→ RECORDS FOR PROCESSING:
▬▬▬▬▬▬

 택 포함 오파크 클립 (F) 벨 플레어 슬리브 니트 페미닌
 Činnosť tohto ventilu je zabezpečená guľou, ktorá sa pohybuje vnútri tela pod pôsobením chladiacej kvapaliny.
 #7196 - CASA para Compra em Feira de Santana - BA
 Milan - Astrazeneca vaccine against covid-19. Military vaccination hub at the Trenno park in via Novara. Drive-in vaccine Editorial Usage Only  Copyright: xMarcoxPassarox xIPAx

▬▬▬▬▬▬

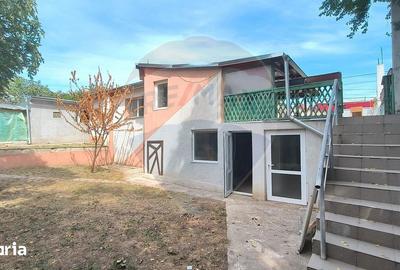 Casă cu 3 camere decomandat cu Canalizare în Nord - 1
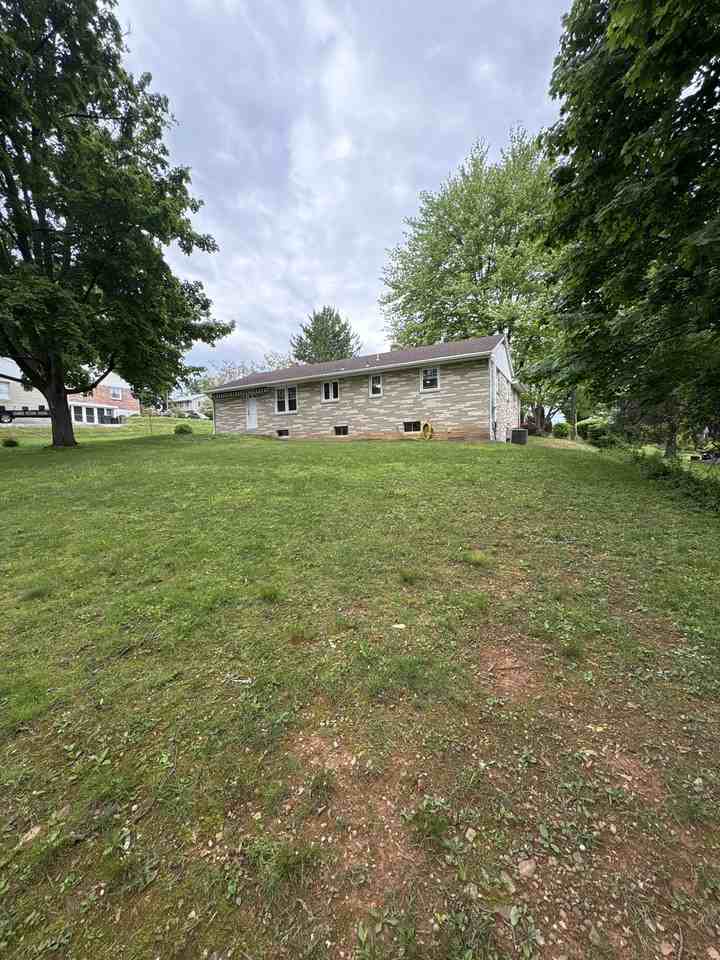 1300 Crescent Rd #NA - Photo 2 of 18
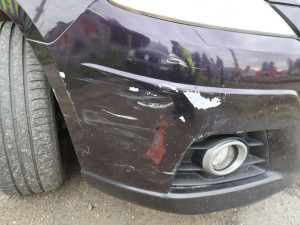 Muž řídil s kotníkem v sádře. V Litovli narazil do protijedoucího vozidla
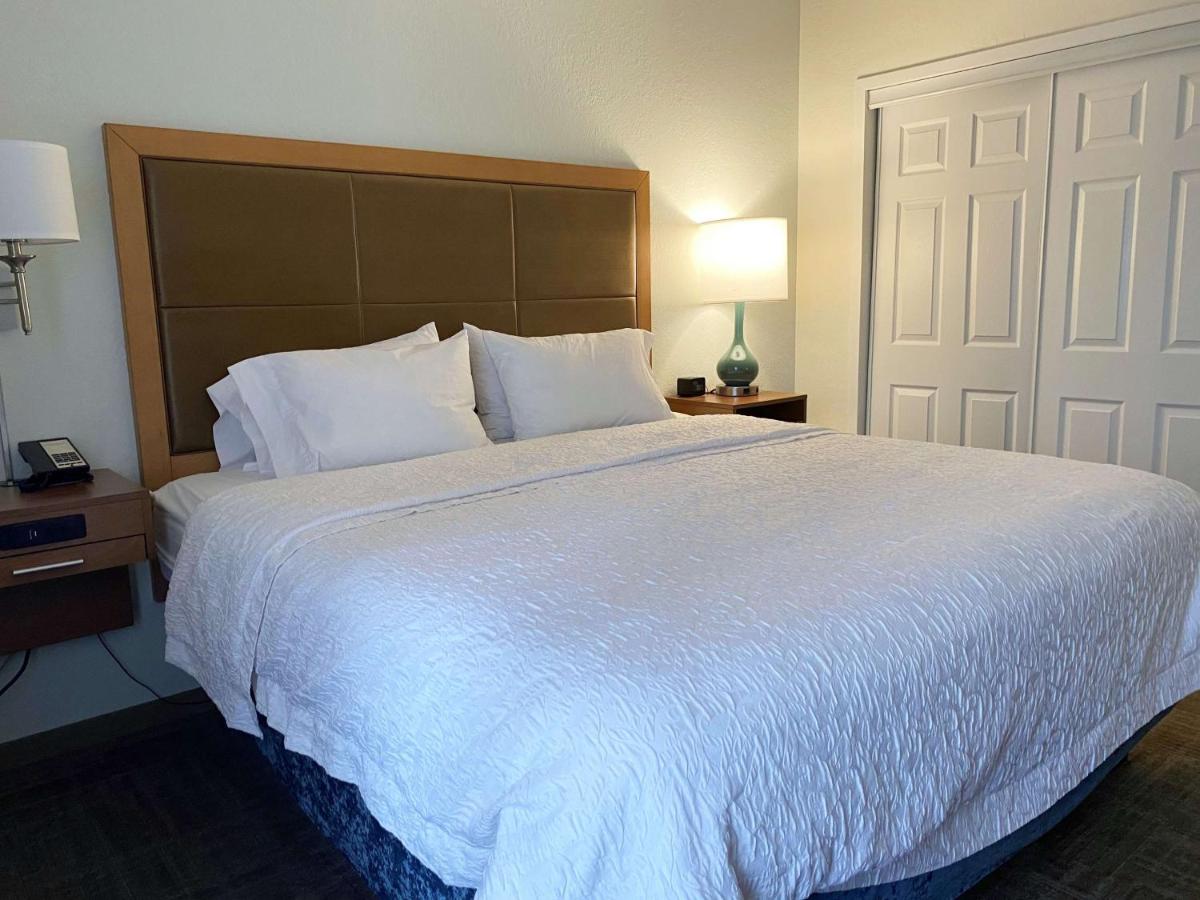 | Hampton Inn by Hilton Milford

▬▬▬▬▬▬

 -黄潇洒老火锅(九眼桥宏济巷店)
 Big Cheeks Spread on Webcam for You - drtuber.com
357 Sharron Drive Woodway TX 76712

▬▬▬▬▬▬

→ WHAT THE TASK ASKS: Search the data above and return each line in which "Drive" occurs.

→ OUTPUT FOR THIS EXERCISE:
 Milan - Astrazeneca vaccine against covid-19. Military vaccination hub at the Trenno park in via Novara. Drive-in vaccine Editorial Usage Only  Copyright: xMarcoxPassarox xIPAx
357 Sharron Drive Woodway TX 76712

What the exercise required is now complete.